▶ _What the task asks_
After finding the line that holds "Used 2025 GMC" below, set down that line and the rest through the final one exactly, leaving the pictures out.

▶ _Data block_

######

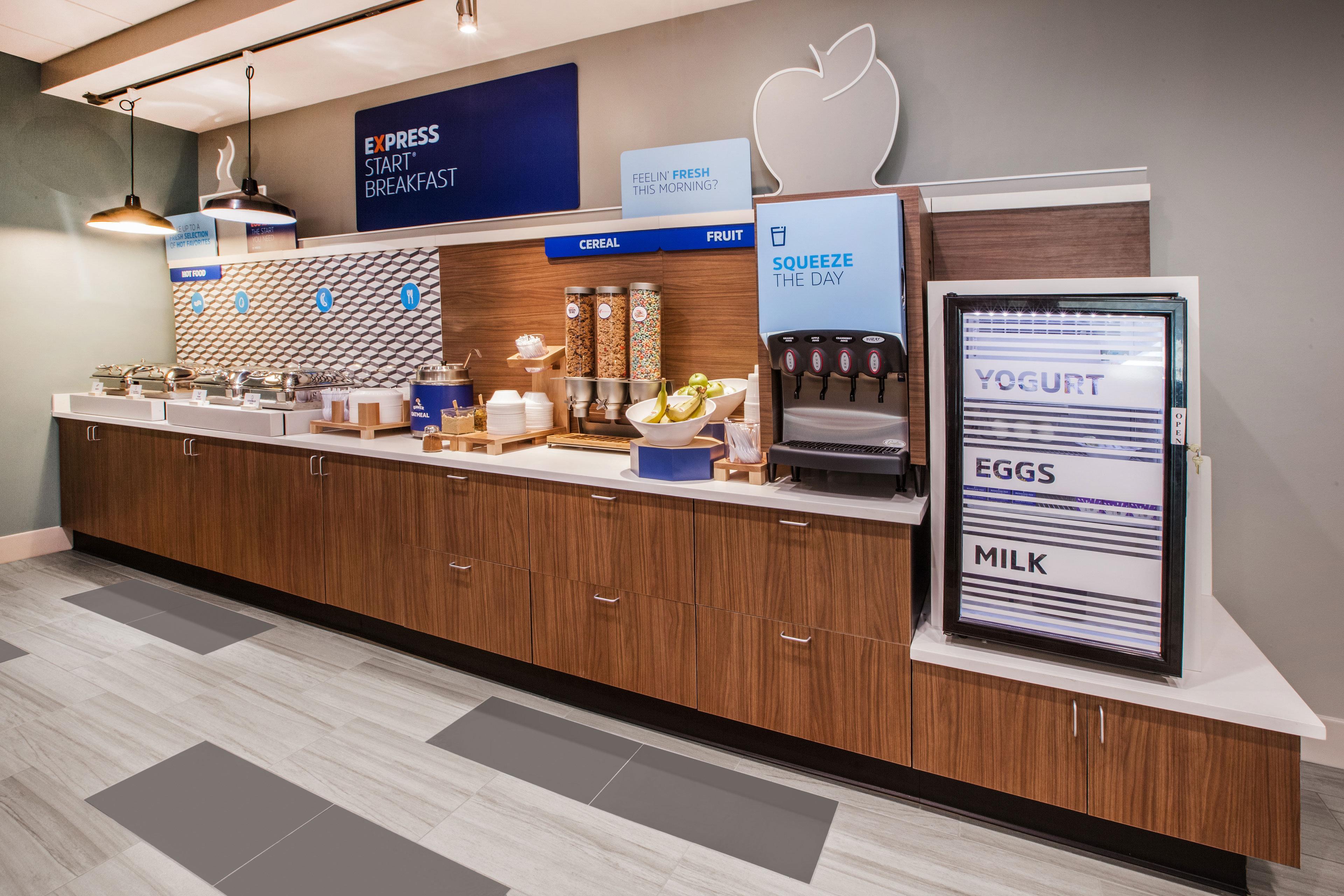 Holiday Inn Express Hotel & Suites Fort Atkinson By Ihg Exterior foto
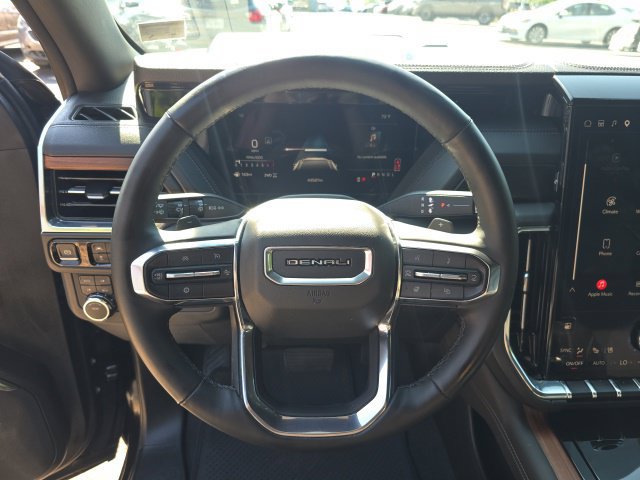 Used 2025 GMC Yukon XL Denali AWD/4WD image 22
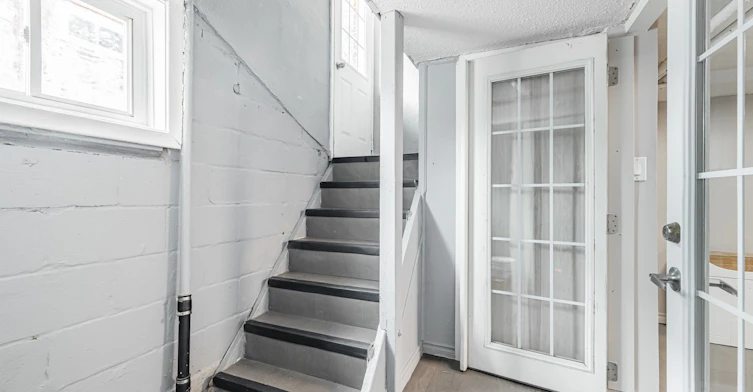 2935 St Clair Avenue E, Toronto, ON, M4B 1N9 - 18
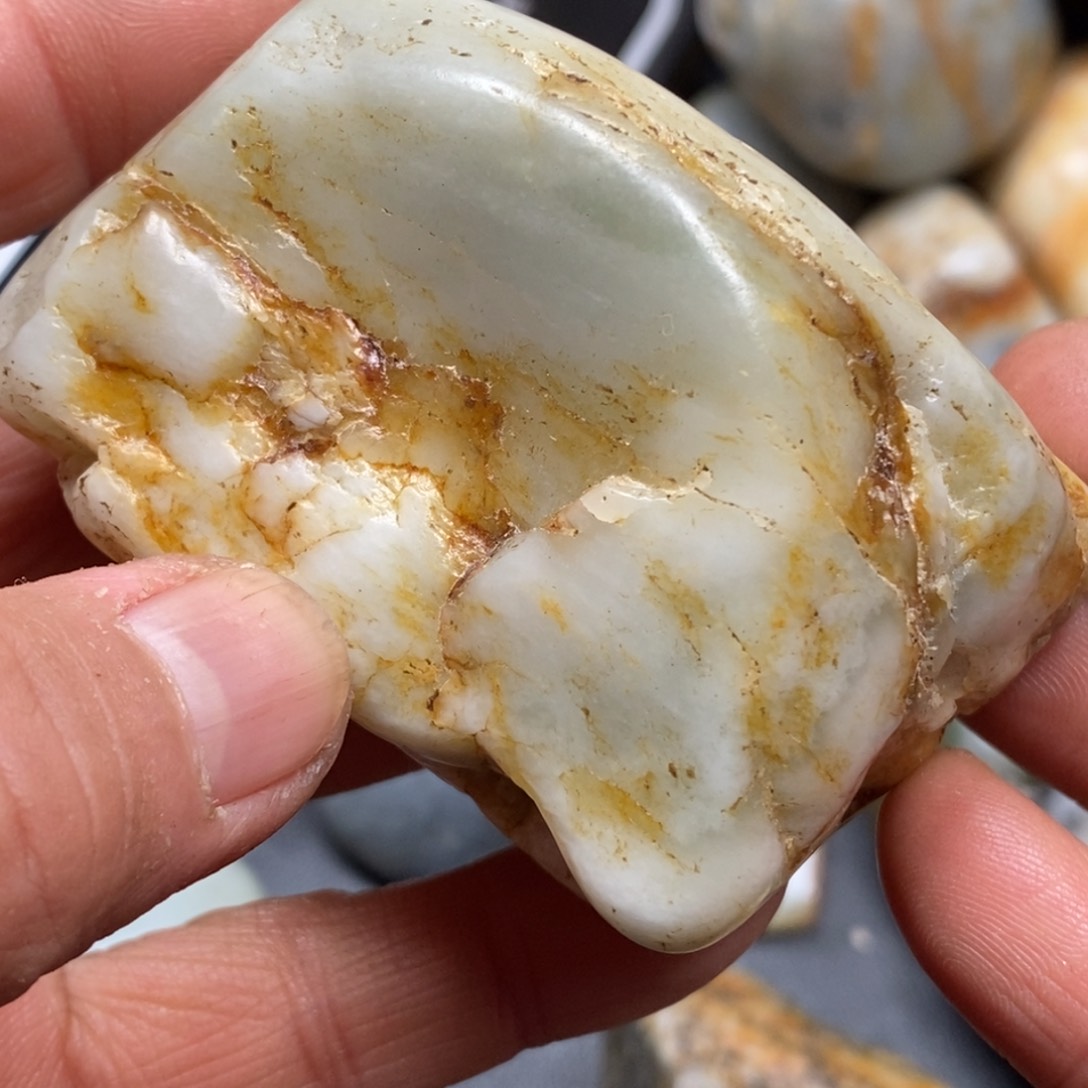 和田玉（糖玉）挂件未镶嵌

######

▶ _Response area_
 Used 2025 GMC Yukon XL Denali AWD/4WD image 22
 2935 St Clair Avenue E, Toronto, ON, M4B 1N9 - 18
 和田玉（糖玉）挂件未镶嵌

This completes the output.